An author feels compelled to visit a park he hasn’t been to in 45 years. He senses something critical to his past is hidden there.
It was July of 2007, and I was in massive fear. I had gone to a writer’s conference in Austin in June, and being there had stirred up something – I wasn’t sure what, but it felt really deep. I had been having acupuncture treatments weekly since May to try to break things free — it felt like something wanted to break through to the surface, and I was trying to help it along. Nightly, I would lay awake until very late, my legs shaking with fear.

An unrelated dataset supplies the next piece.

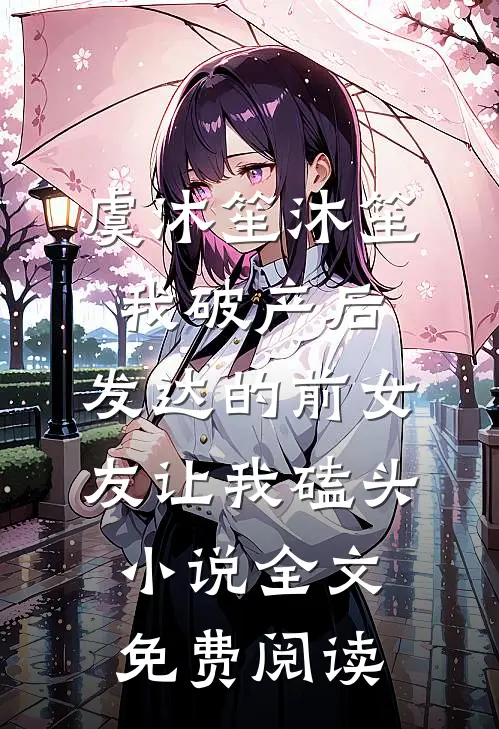 虞沐笙沐笙我破产后，发达的前女友让我磕头小说全文免费阅读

I began to feel a pull toward Sycamore Park. My Dad’s Mom, who we called Mamaw, lived for many years on the East side of Fort Worth, near Texas Wesleyan College (now University). When I was eight years old, my parents put me on a bus after school was out for the summer, to go visit relatives in Fort Worth. I did that for a couple of years, and then stopped going for some reason. While I was staying with Mamaw that first year, I had a vague memory of her taking me to play miniature golf in Sycamore Park, but I hadn’t thought about it for many years. It had been the last night of my stay with her, before I went to visit my grandmother on Mom’s side, who lived over by the TCU campus. I didn’t remember the experience being much fun. It was in June, on a hot, muggy night, and I was playing miniature golf by myself. My grandmother stood outside the fence waiting for me. I didn’t remember much more.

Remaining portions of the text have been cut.